Pignataro Maggiore - Di contro, i testi De Lucia, Borrelli, Napolitano: hanno riferito di non aver mai sentito parlare di tale anomalia del Foglia e, per di più, di non aver mai avuto occasione di accorgersene personalmente così l’ultimo, in particolare, anche quando, essendo il Foglia ammalato, lo accudì, rimanendo a lungo presso il suo letto. Si tratta, invero, delle tre persone che accompagnarono, la sera del delitto, il Foglia e il Belluomo essi sono dipendenti della Ditta Rotundi, e furono quindi sempre a contatto con il Foglia, per motivi di lavoro.
Non mancano, infine, testimoni i quali, senza riferirsi a particolari episodi, hanno riportato voci, secondo le quali il Foglia sarebbe stato effettivamente un anormale.
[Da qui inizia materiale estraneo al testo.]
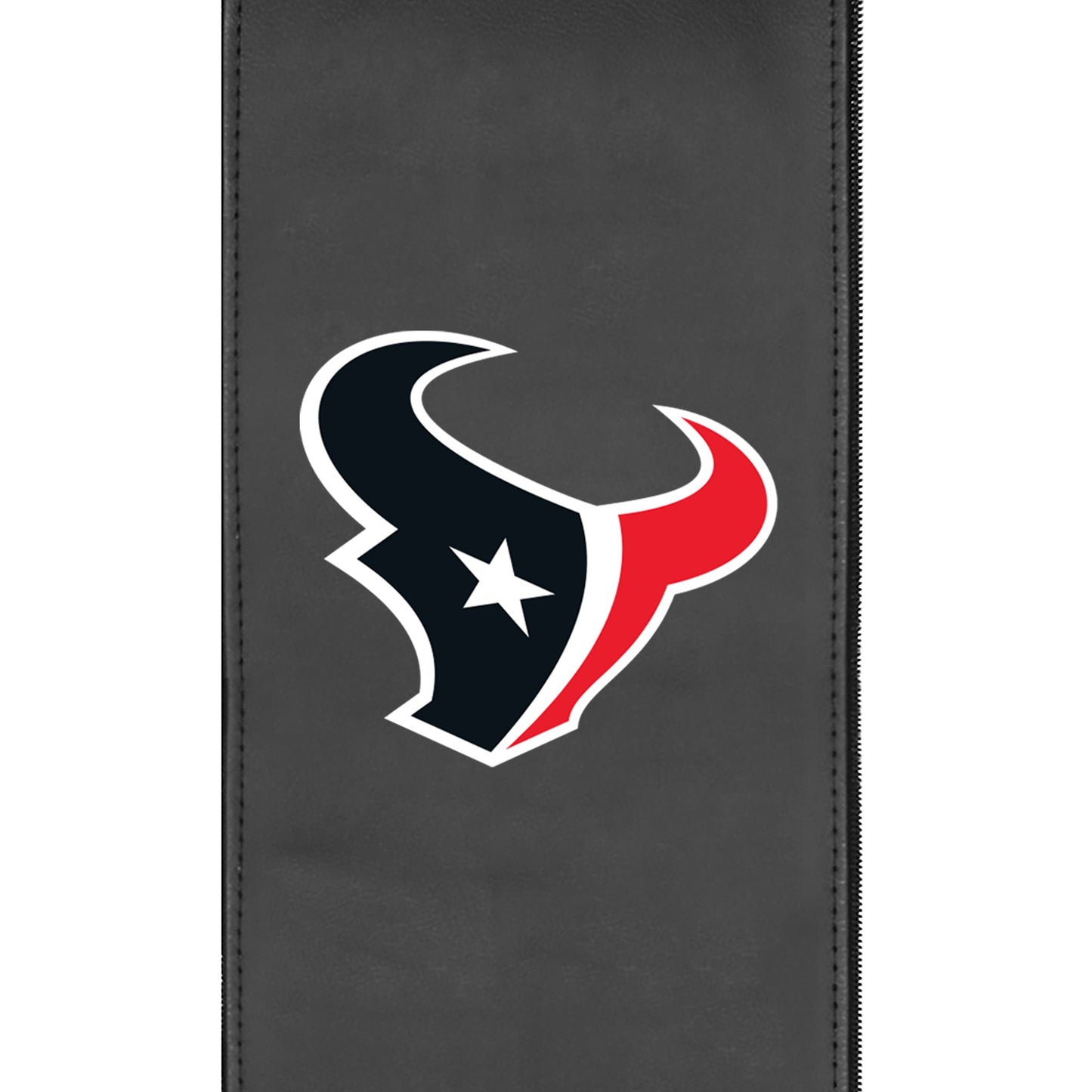Silver Loveseat with Houston Texans Primary Logo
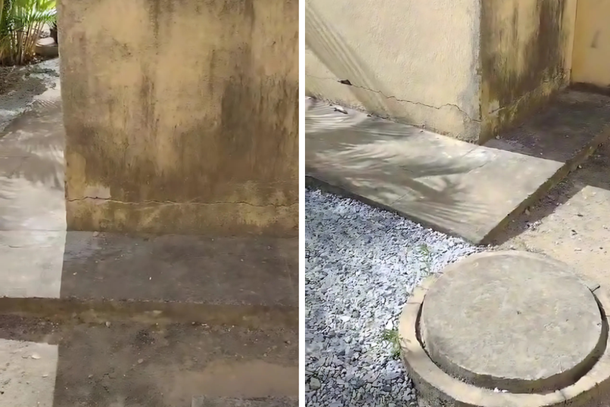 Rachaduras na estrutura vem preocupando moradores do Minha Casa, Minha Vida em Surubim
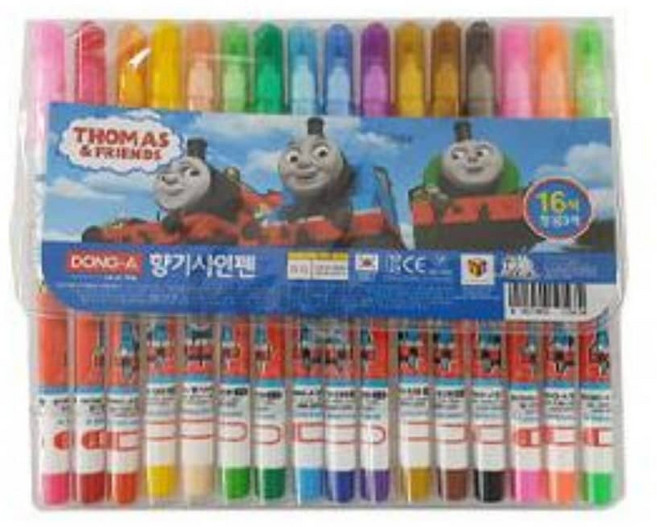 프레소 향기싸인펜 16색 토마스 사인펜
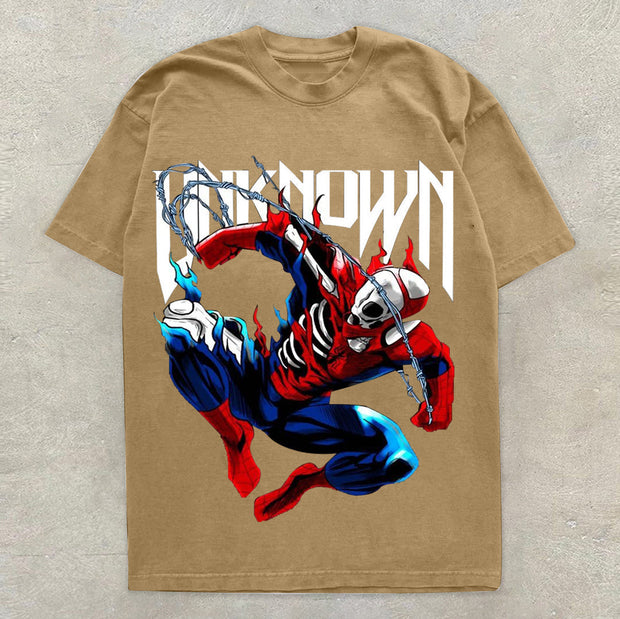 Trendy personalized print street style short-sleeved T-shirt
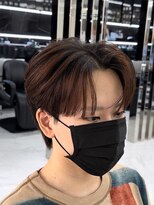 メンズヘアセンス 渋谷(MEN'S HAIR SENSE)&nbsp;ニュアンスパーマ/センターパート/メンズ/眉毛/フェザーパーマ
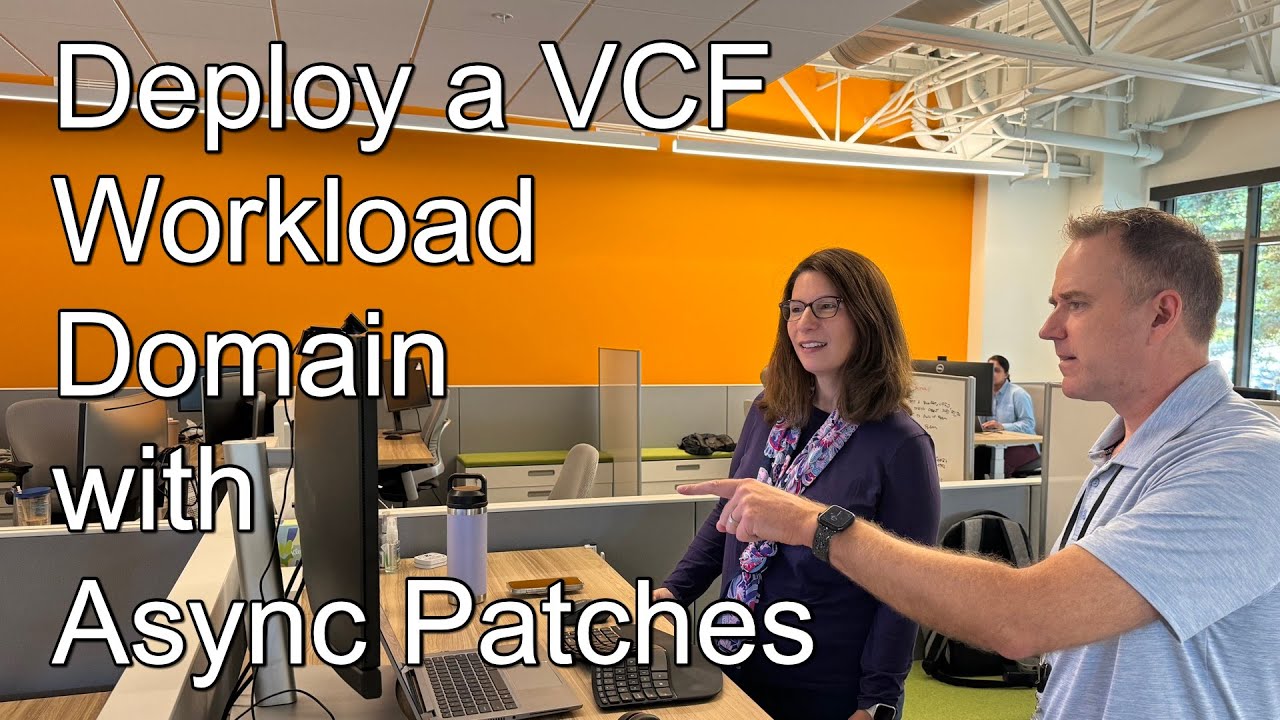 Deploy a VCF Workload Domain with Async Patches in a Single Step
Così il Montanaro, e così anche il Maresciallo dei Carabinieri verbalizzante, Corradino Domenico, il quale ultimo ha dichiarato di essere, a conoscenza di una voce pubblica al riguardo, ma di non avere concreti elementi per valutare la fondatezza della stessa.
Infine, la perizia necroscopica, diretta anche ad accertamenti a tal preciso riguardo, riferisce che il cadavere non presentava segni di pederastia attiva o passiva. Il che consente che si passi a valutare un’altra possibilità, rappresentata dall’esistenza di un vecchio rancore del Belluomo verso il Foglia. Il Belluomo era stato alle dipendenze della Ditta Rotundi e, come si è detto, aveva lasciato tale lavoro a seguito di una diminuzione di  qualifica, disposta nei suoi confronti per inidoneità alle mansioni direttive.  Tale retrocessione era stata determinata dal rapporto del Foglia nella sua qualità di capocantiere, diretto alla Ditta. Il Foglia, tuttavia, non mancò in seguito di aiutare il Belluomo, quando questi rimase senza lavoro, facendolo assumere presso un’altra impresa, che ben presto però lo licenziò. Di conseguenza, il Belluomo si trovò nuovamente senza lavoro e in ristrettezze economiche, donde le sue parole pronunciate nella osteria (“Quando si è disoccupati, non si sta certo allegri!”) e l’atteggiamento taciturno, rilevato da alcuni, la sera del delitto. Essendosi verificati in tal modo i fatti, il Belluomo ritenne, evidentemente, di poter riesumare una diceria a proposito della anormalità del Foglia, per formarsi una qualche giustificazione del delitto da lui commesso.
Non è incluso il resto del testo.